● What you have to do: Apart from the pictures, print the data below exactly as given.

● Recorded information:
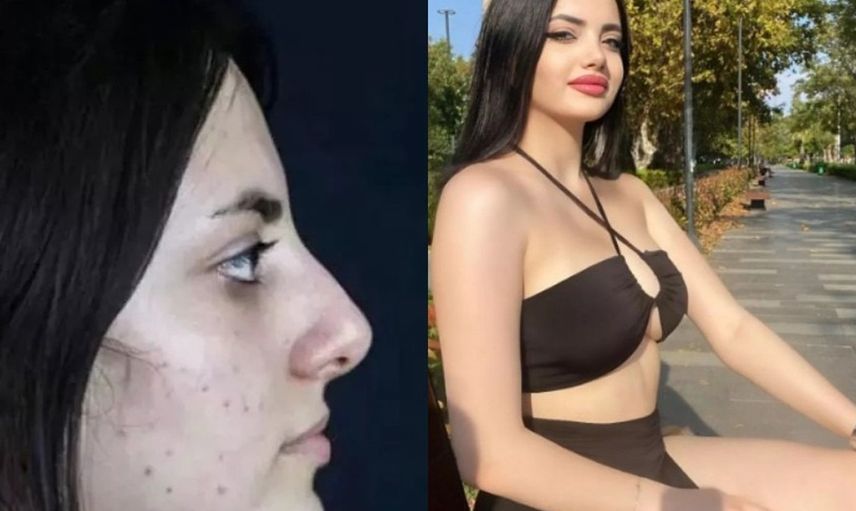 Kısmetse Olur Elif Nur Yel ifşa oldu! O görüntüleri herkesi şoke etti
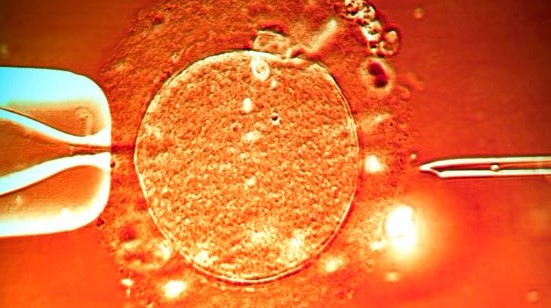 What is IVF and how is it done? in Turkey 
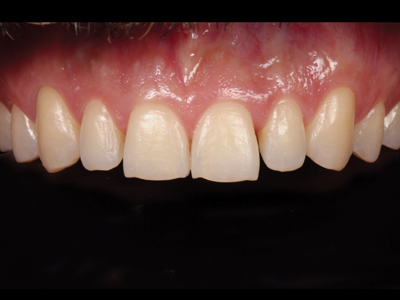 Intramural view of anterior teeth after orthodontics.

● Solution to the problem:
 Kısmetse Olur Elif Nur Yel ifşa oldu! O görüntüleri herkesi şoke etti
 What is IVF and how is it done? in Turkey 
 Intramural view of anterior teeth after orthodontics.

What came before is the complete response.